Her more serious daily lie goes like
this: Just go ahead and write whatever
you want because no one is ever going to read it anyway. She tells herself this lie, despite two traditionally published novels, dozens of
essays, and a poetry chapbook. The lie
is necessary, she says, because it allows her to be daring on the page and to
block out thoughts of what comes after the final draft – agent review, finding
a publisher, critics, readers, marketing. Yes, she admits that it's a lie, that
deep down, she's fairly confident what she writes will make its way to readers,
but if she thought about her words existing anywhere out in the world while
she's still at work on early drafts, she'd panic and possibly stop writing.
Driving home from our (yes morning!) coffee chat, I wondered if there
were any lies I tell myself while I am writing. One that bounces around my
brain when I'm in the first draft of a personal essay is: I'll never be able to
finish this in a way that satisfies me. I believe I persist in this particular
lie so that I won't skip over the necessary mental (and often emotional) steps
involved in writing the all-important middle of the story. Even
if I already have a great ending in mind, I am still convinced I'll never get
there, and that's a good thing. It means
I won't just skate over the middle, never going deep enough. If I never really believe the end is in
sight, I'll spend more time getting that middle right.

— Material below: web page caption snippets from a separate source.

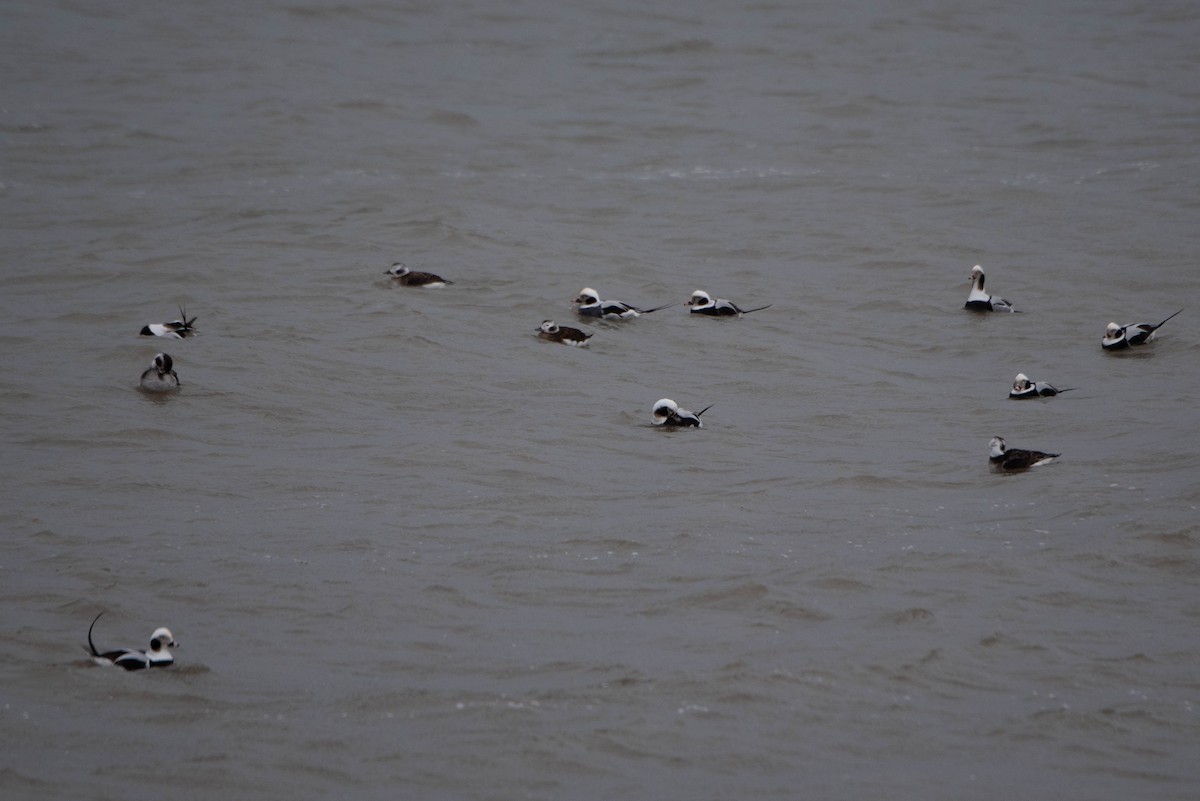 Long-tailed Duck - ML613141662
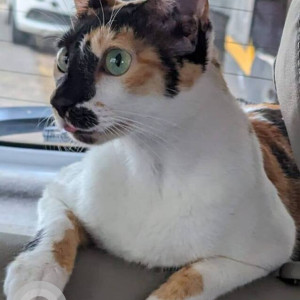 Missing: Black and White Female Calico Cat from Verde society, Kalyani Nagar, Pune-3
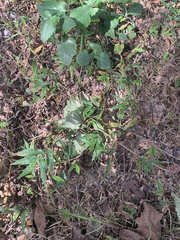 Oplismenus compositus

Another lie I tell myself is: I have no business writing this; I don't have
the skills or experience to tackle it. Why this lie? Because if I feel too confident,
if I don't have a simmering case of being a bit of a fraud, then I tend to write
too quickly, with less care, and less respect for the particular piece. So I
tell myself, You can't write that, and in some counterintuitive
way, this keeps me going. Maybe I want to prove myself wrong. Or perhaps a part
of me recognizes that one always has to write that very first….book review,
scholarly article, prose poem, short story, lyrical essay, something… and so the fear is
necessary. Then, while I am scolding myself that I shouldn't be writing the
thing I'm currently writing, I can remind myself that in the past I've written many things I had no experience with the first time around either.
I suppose there are other lies I tell myself too, but I can't think of
them now. It's 8:15 a.m. and I'm thinking of going back to bed.
2 comments:
This is so interesting. I heard a whole programme on motivation [in connection with women in business on Woman's Hour radio ] but it's equally applicable to writers, namely, the little voices in our heads which tell us a] we're not good enough and b] who are we kidding.
I also came across some psy stuff for the children about virtuous and vicious circles of thinking which I believe would be just as applicable to us, to somehow negate and cancel out the voice of doubt.
I need to get me some of that mojo where I tell myself lies in order to write. Most of my 'writer lies' come in the form of writing avoidance. I love knowing that someone as talented and prolific as you secretly wishes to sleep until nearly noon. Maybe that will be my new mantra: "Lisa would just sit down and write even though she wants to go back to bed." Something left over from boot camp last January, perhaps!